▶ _Task brief_
Transcribe nothing except the lines below that run from the one with "Hampton Dresser" to the one with "Sakura School Simulator", ends included, and do not copy any picture.

▶ _Material supplied_
┄┄┄┄┄┄┄┄┄┄┄┄┄┄┄┄┄┄┄┄

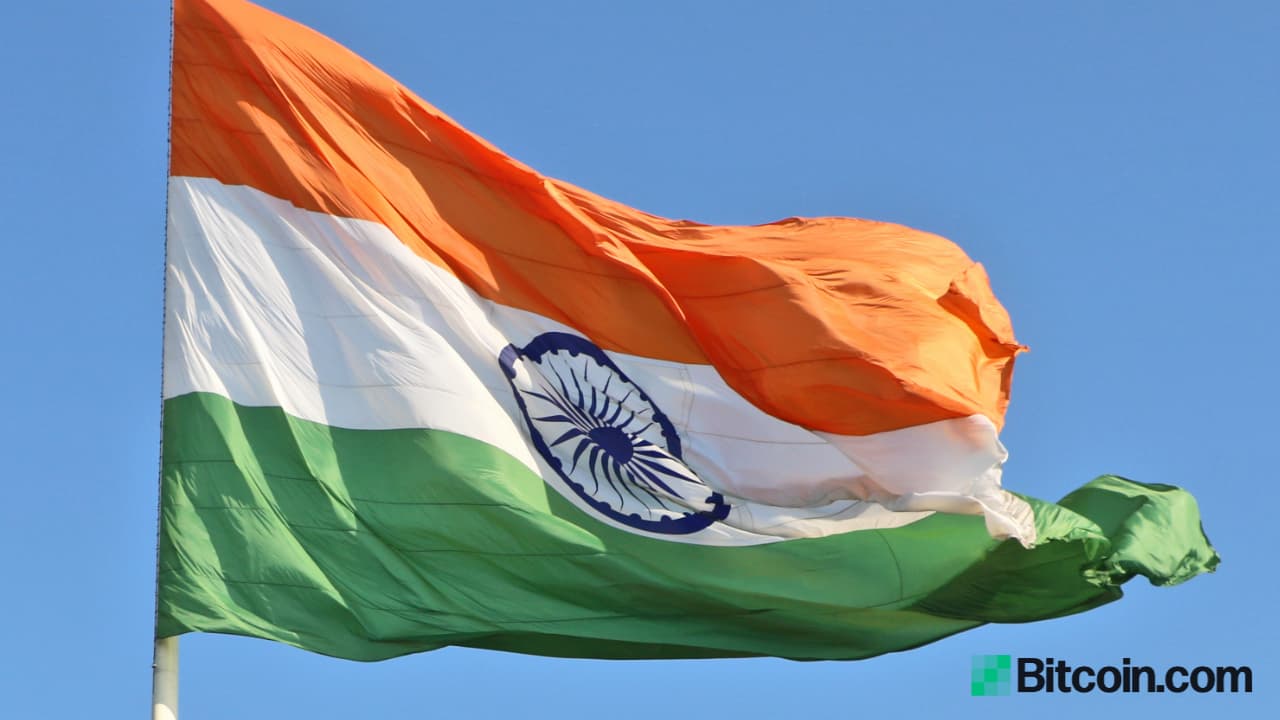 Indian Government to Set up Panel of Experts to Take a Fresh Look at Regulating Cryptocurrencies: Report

┄┄┄┄┄┄┄┄┄┄┄┄┄┄┄┄┄┄┄┄

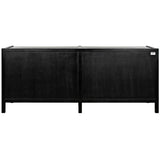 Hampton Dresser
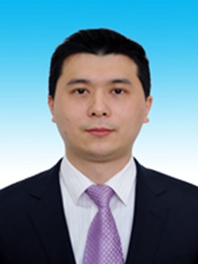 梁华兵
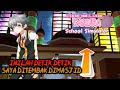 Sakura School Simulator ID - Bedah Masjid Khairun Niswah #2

┄┄┄┄┄┄┄┄┄┄┄┄┄┄┄┄┄┄┄┄

▶ _Written response_
 Hampton Dresser
 梁华兵
 Sakura School Simulator ID - Bedah Masjid Khairun Niswah #2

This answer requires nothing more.